「これまで全部ダメだったので…」

 年が明けて迎えた1月15日、マウンさんは朝から何も食べられなかったという。「もし山手線が止まったら」と心配になり早めに家を出た。午後1時には東京入管に到着した。

 「これまで(入管では)全部ダメだったから…。緊張しています」
 指定時刻の20分前、マウンさんは硬い面持ちで難民関連部門のある3階に向かった。「仮放免」での日本人保証人で、マウンさんが通う少林寺拳法の先生も駆けつけた。
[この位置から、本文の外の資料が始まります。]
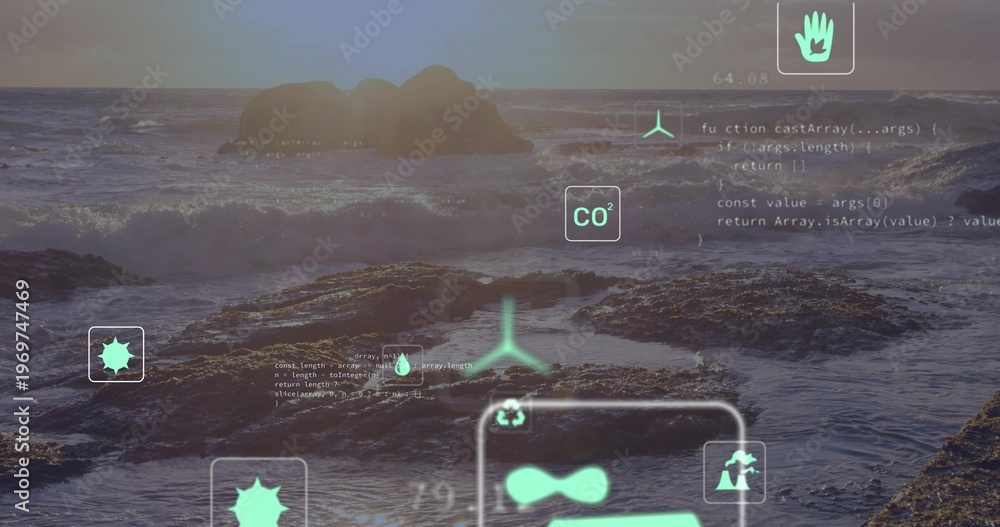 Fototapeta premium Breaking waves and rocky tidal pools reflecting low sun on shore, showing CO2 recycling icons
 そして…、待つこと約2時間、マウンさんが戻ってきた。表情は柔らかだ。手元に目を向けると、真新しい在留カードが握られていた。

 マウンさんによれば、名前を呼ばれて入った部屋には入管職員とミャンマー語の通訳がいた。難民申請は認められなかったが、緊急避難措置として「特定活動6カ月 週28時間以内の就労可」の在留資格を与える旨が告げられたという。

 かつて1年9カ月も収容され、先の見えない「仮放免」の更新に90回近く足を運んだ東京入管…、マウンさんは晴れて正規の滞在者と認められた。 

「日本で頑張ってと、みんなから言われている気持ちが…」

 マウンさんが難民認定を求めた裁判で代理人を務めた渡辺彰悟弁護士(全国難民弁護団連絡会議代表)は入管当局や裁判所の対応に疑問を呈した。

 「彼は民主化運動に地道に従事してきて、本来ならば難民として保護されてしかるべき人物だ。クーデターが起きたにもかかわらず裁判でも敗訴し、不運なことにここに至るまで延々と待たされた。なぜクーデターから4年もたって緊急避難措置で在留が認められるのか、まったく理解できない」

 そのうえで「(入管当局が)保護すると表明しながら対応を先延ばしにするのは、当事者にとってより大きな苦痛を伴うことを理解してほしい。彼の姿を見ていると、在留を正規化することは、外国人にとって尊厳を回復する第一歩だとわかる。緊急避難措置の意味は、まさにそこにあるはずだ」と強調した。

 マウンさんは今後、住民登録と国民健康保険の手続きを済ませ、自動車学校の免許合宿に行って就職に備えるという。

 別れ際、日本語でこんな言葉を残した。

 「これから僕の人生が始まります。いま、みんなから『あなたは日本で頑張ってください』と言われている気持ちです」

 人が、人として、尊厳を持って生きることができる。その重さをあらためて教えられた思いがした。